According to Tierney, von Furstenberg’s designs emphasize the historic architecture of the building and the neighborhood — the plans include a restoration of the original facade and embedded glass lenses in the sidewalk, a throwback to late 19th century architecture.

“This is such a perfect project for the neighborhood,” said Community Board 2 member Jo Hamilton. The board approved von Furstenberg’s plans after the designer and her architect presented them at the board’s Nov. 18 meeting. “It’s wonderful to have her staying in the neighborhood and taking over one of the nicer buildings in the area and restoring it to its original grandeur,” said Hamilton.

A Meatpacking District resident since the mid-1990s, von Furstenberg unloaded her three-story 1850s former stable and blacksmith’s shop at W. 12th St. — which served as her store, studio and pied-a-terre — to a 19-year-old Russian heiress, Anna Anismova, in September. She garnered a reported $20 million in the deal, more than three times what she paid for the property seven years ago.

Hamilton, former co-chairperson of the now-defunct Save Gansevoort Market, a neighborhood coalition formed nearly five years ago to designate the low-rise neighborhood between Gansevoort and 14th Sts. a landmark, cited von Furstenberg as an active and supportive member of the Meatpacking District community. According to Hamilton, von Furstenberg met with various members of the community about her design plans for the former Gachot & Gachot building before she completed it.

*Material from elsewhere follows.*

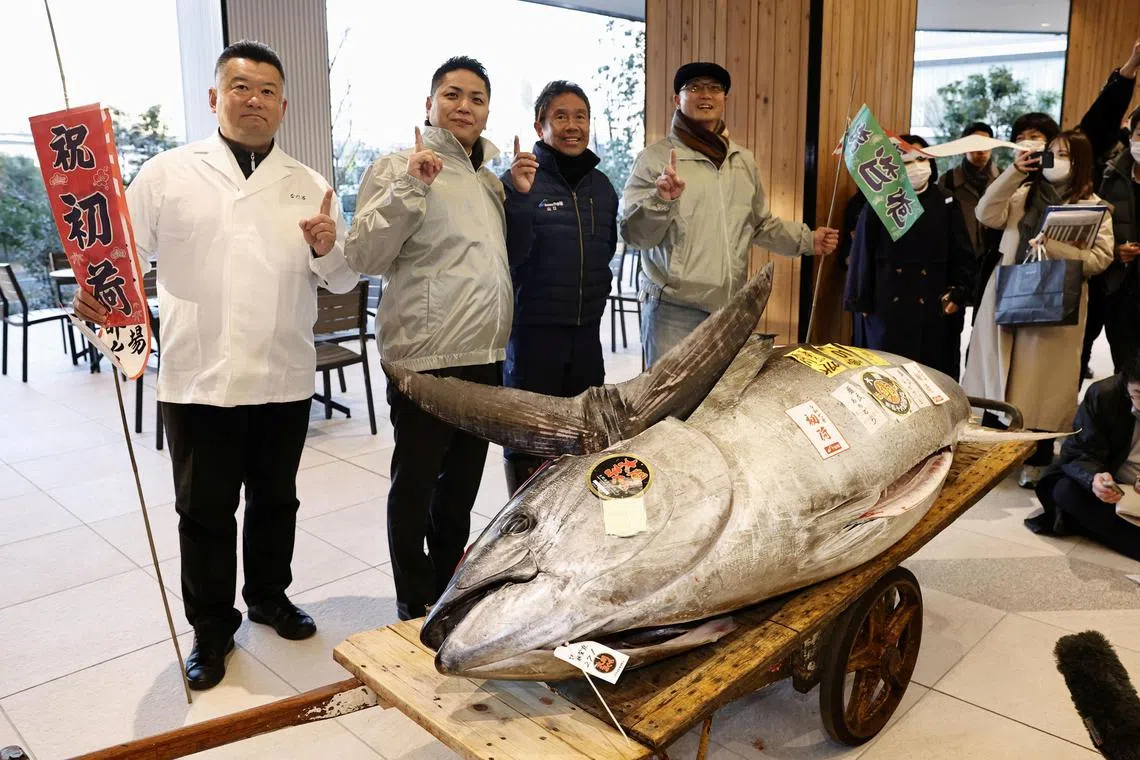 Michelin-starred sushi restauranteurs the Onodera Group said they paid 207 million yen (S$1.8 million) for the 276kg bluefin tuna.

“She’s been instrumental in the landmarking of the neighborhood,” said Florent Morellet, also once a co-chairperson of Save Gansevoort Market. His restaurant, Florent, hit the Meatpacking District in 1985, a harbinger of the neighborhood’s chic future to come. “When we [Save Gansevoort Market] were a fledgling organization, she [von Furstenberg] embraced us. It really helped bring visibility and pizzazz to our organization,” he said.

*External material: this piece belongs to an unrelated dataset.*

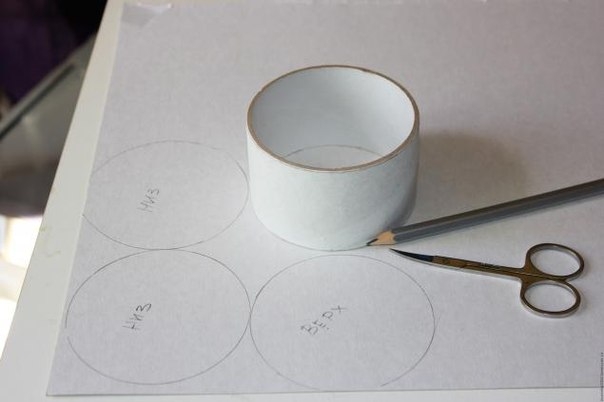 Делаем красивую коробочку из бобины от скотча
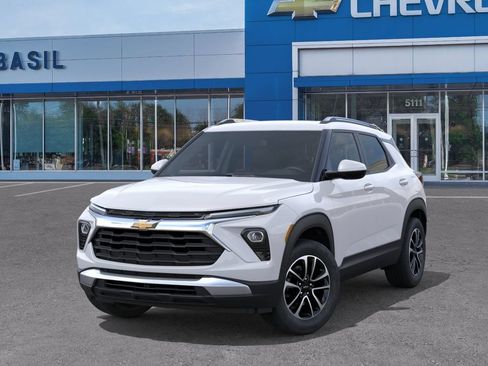 New 2026 Chevrolet TrailBlazer LT w/ LT Cold Weather Package AWD/4WD image 6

But beauty is in the eye of the beholder and one board member, at least — who voted against the renovation plan — is less than thrilled with the designer’s plans. Although von Furstenberg was impressive in making the presentation at Board 2, Doris Diether wasn’t swayed. “I was the lone vote,” said Diether. “It was a big glass dome and I don’t think it’s in character with the district, especially since the district has just been designated [as an historic district.]”

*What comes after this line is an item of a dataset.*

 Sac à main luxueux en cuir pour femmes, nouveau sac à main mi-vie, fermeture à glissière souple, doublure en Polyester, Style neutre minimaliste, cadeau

According to Diether, aspects of the design — namely the 16-ft. dome — do not compliment the historic nature of the neighborhood. Because the building is located on a corner, the glass structure will be more visible than it would be atop mid-block buildings, said Diether. Diether found some aspects of the plan, such as the embedded glass lenses in the sidewalk, more harmonious with the neighborhood.

Morellet disagrees with Diether’s critique. “It’s a design that is a signature for her,” he said, alluding to the glass addition’s nod to a von Furstenberg-designed piece of jewelry. “It’s very respectful of the architecture.”

It’s not clear if the designer intends to live in her 14th St. buildings — but she would be allowed to under the manufacturing-zoned district’s caretaker allowance.

The building has quite a history of renovations. Originally two buildings, built in 1887 and 1890, the corner building, 440 W. 14th St., was built by the estate of John Jacob Astor in 1887 as workers’ living quarters and housed 12 families. The adjacent building, 442 W. 14th St., was also, at one point, a residential building. By 1935 the buildings were no longer residential, and by 1957 they had been converted to cold-storage warehouses and connected.

As the neighborhood has embarked on its latest transformation into a favorite of nightclubs and bars, von Furstenberg’s plans — to dedicate the space to both manufacturing and commercial use — is a nod to the neighborhood’s turn-of-the-century roots, said Hamilton. The neighborhood was once the headquarters of Nabisco, the food company, among other corporate and manufacturing headquarters. “The Meatpacking District started out as a headquarters district in the early 1900s,” said Hamilton. “So here it is returning to a headquarters area again.”